As the nucleus gets larger, nucleons interact mostly with their immediate neighbors rather than with all nucleons in the nucleus, leading to the plateau in the binding energy curve.
- Many students assume adding nucleons always increases binding energy per nucleon.
- In reality, the binding energy curve plateaus above $A = 60$, making elements like iron the most stable.
The Radioactive Decay Law
Radioactive decay
Radioactive decay is the process by which an unstable atomic nucleus loses energy by radiation.
Radioactive decay is a random and spontaneous process.
- Random means you cannot predict when a specific nucleus will decay.
- Spontaneous means the decay occurs independently of external factors like temperature or pressure.
- However, for a large number of nuclei, the decay behavior can be described statistically.
- The radioactive decay law is expressed mathematically as: $$\frac{\mathrm{d}N}{\mathrm{d}t} = -\lambda N$$ where:
- $N$ is the number of undecayed nuclei at time $t$,
- $\lambda$ is the decay constant, representing the probability of decay per unit time,
- $\frac{\mathrm{d}N}{\mathrm{d}t}$ is the rate of decay (negative because $N$ decreases over time).
- Solving this differential equation yields the exponential decay formula: $$N = N_0 e^{-\lambda t}$$ where:
- $N_0$: The initial number of nuclei at $t = 0$,
- $t$: The elapsed time.
This equation shows that the number of undecayed nuclei decreases exponentially over time, a hallmark of radioactive decay.
You start with $N_0 = 1000$ radioactive nuclei, and the decay constant is $\lambda = 0.1 \, \mathrm{min}^{-1}$.
How many nuclei remain after 30 minutes?
Solution
- Using the decay law:
$$N = N_0 e^{-\lambda t} = 1000 e^{-0.1 \times 30}$$
$$N = 1000 e^{-3} \approx 1000 \times 0.0498 \approx 49.8$$
- After 30 minutes, approximately 50 nuclei remain.
Decay Constant $\lambda$
Decay constant
The decay constant, $\lambda$, measures how quickly a radioactive substance decays. It is defined as the probability of decay per unit time for a single nucleus.
Key Relationship: Decay Constant and Half-Life
The half-life
The half-life $T_{1/2}$ is the time it takes for half of the radioactive nuclei in a sample to decay.

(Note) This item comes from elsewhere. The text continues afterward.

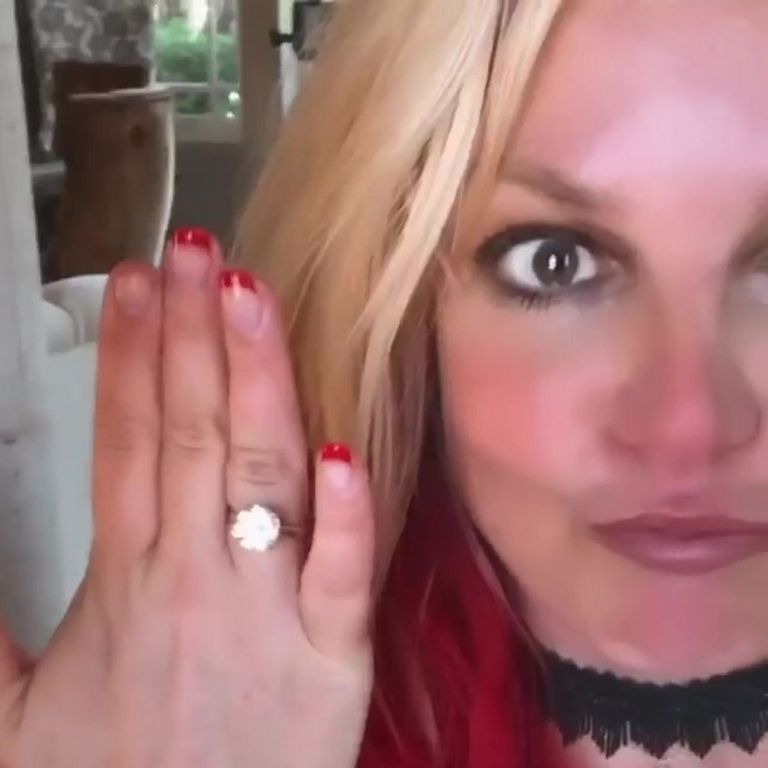 بريتني سبيرز مرتدية خاتم خطوبتها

The decay constant and half-life are related by:
$$T_{1/2} = \frac{\ln 2}{\lambda}$$
where $\ln 2 \approx 0.693$.
This relationship shows that substances with a larger decay constant have shorter half-lives, meaning they decay more quickly.
If the half-life of a radioactive isotope is $T_{1/2} = 10 \, \mathrm{min}$, what is its decay constant?
Solution
$$\lambda = \frac{\ln 2}{T_{1/2}} = \frac{0.693}{10} \approx 0.0693 \, \mathrm{min}^{-1}$$
The decay constant is $0.0693 \, \mathrm{min}^{-1}$, meaning about 6.93% of the nuclei decay each minute.
Activity $A$
Activity $A$
The activity of a radioactive sample is the number of decays per unit time.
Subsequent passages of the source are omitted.